El presidente de Estados Unidos, Donald Trump, firmó este lunes (22.09.2025) una orden ejecutiva que declara al movimiento Antifa como “organización terrorista nacional”, acusándolo de mantener un patrón sistemático de violencia política para socavar el estado de derecho.
La medida instruye a los departamentos y agencias federales a utilizar todas sus facultades para investigar, desmantelar y procesar cualquier operación ilegal vinculada a Antifa, incluidas redes de financiamiento y apoyo material. El documento sostiene que el movimiento ha perpetrado ataques contra agentes del orden y oficinas del Servicio de Inmigración y Control de Aduanas (ICE) como parte de su estrategia de coerción e intimidación.

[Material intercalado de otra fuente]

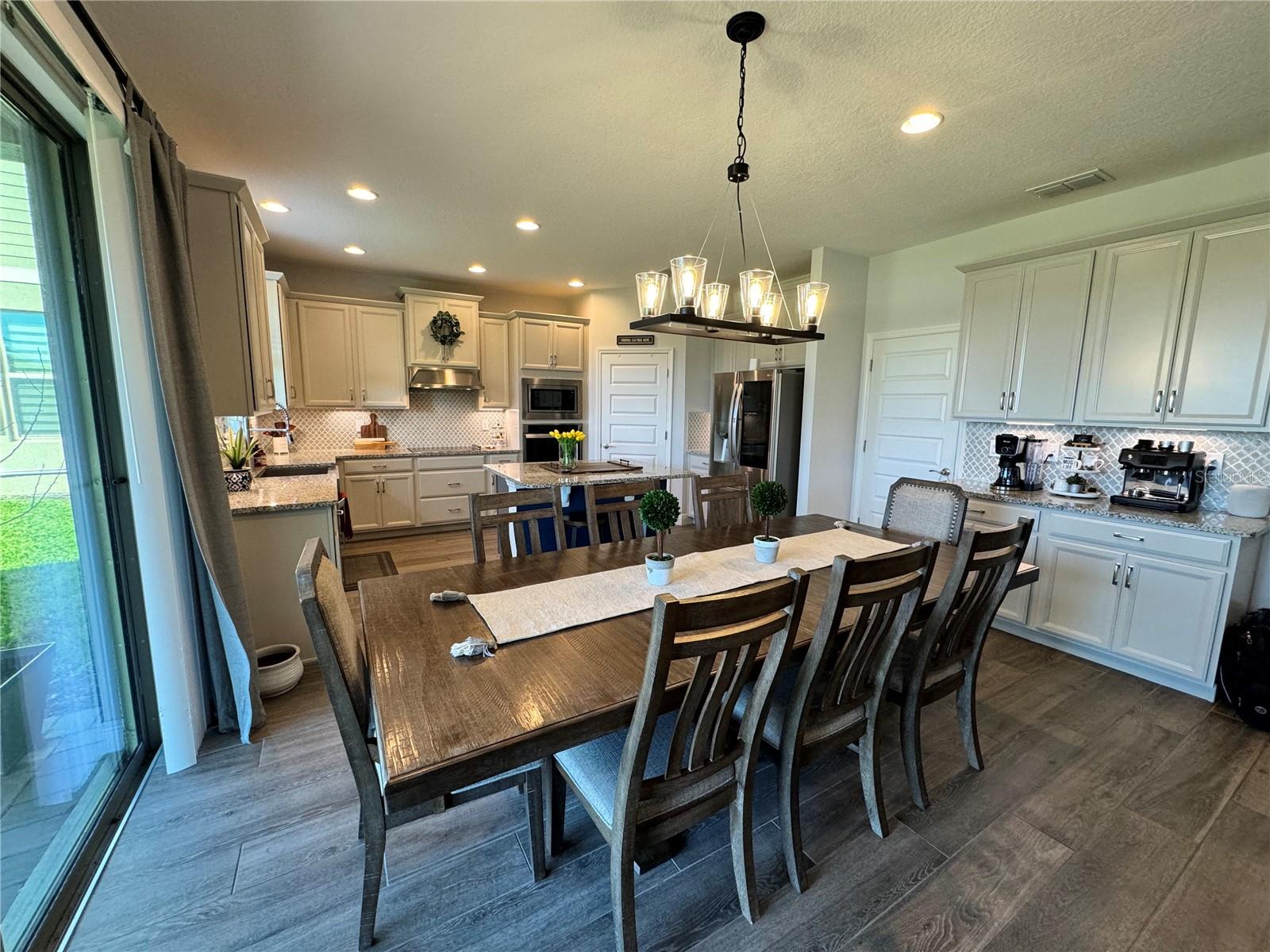 Image 7 of 21 For 9374 Bolero Road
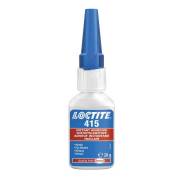   Loctite 415 20   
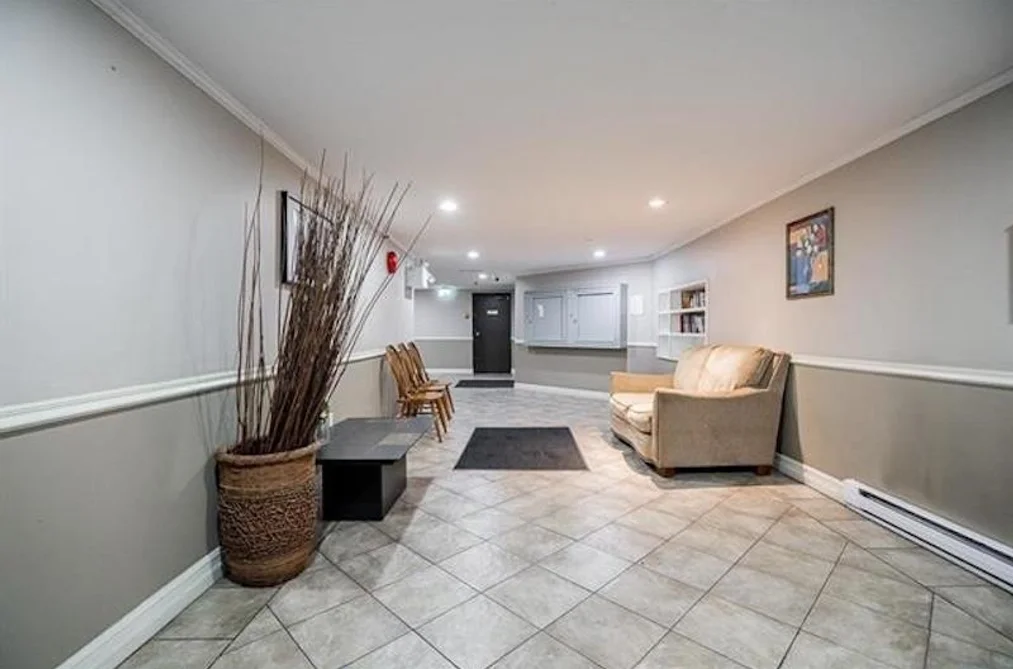 315 10468 148 STREET, Surrey BC V3R 8T1, Surrey BC — Residential for Sale - Photo 3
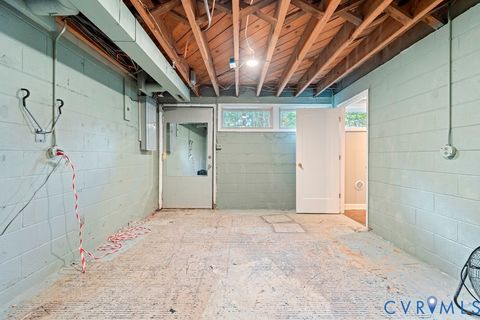 Tiny photo for 119 Willway Drive, Manakin Sabot, VA 23103 (MLS # 2527980)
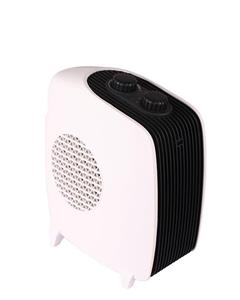 فن هیتر تک الکتریک مدل NF9002-20 Tech Electric NF9002-20 Fan Heater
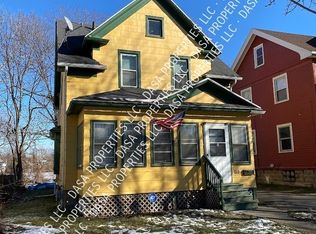 110 Depew St, Rochester, NY 14611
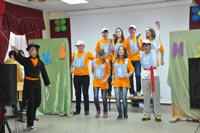 ��������� ��������� ����, 71.7 ��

Antifa es un movimiento descentralizado de izquierda que se opone a grupos de extrema derecha, racistas y fascistas. La ausencia de una estructura formal o liderazgo definido ha generado debates sobre la viabilidad legal de su designación como organización terrorista. De hecho, en 2020, el entonces director del FBI, Christopher Wray, afirmó que Antifa era “una ideología más que una organización”.
Trump, sin embargo, ha responsabilizado de manera reiterada a la “izquierda extrema” por la violencia en el país. En este contexto, vinculó a Antifa con los disturbios posteriores al asesinato del activista ultraconservador Charlie Kirk, ocurrido el 10 de septiembre en Utah. El dirigente fue despedido este fin de semana en un multitudinario velorio que reunió a más de 90.000 personas, encabezado por el mandatario y su gabinete.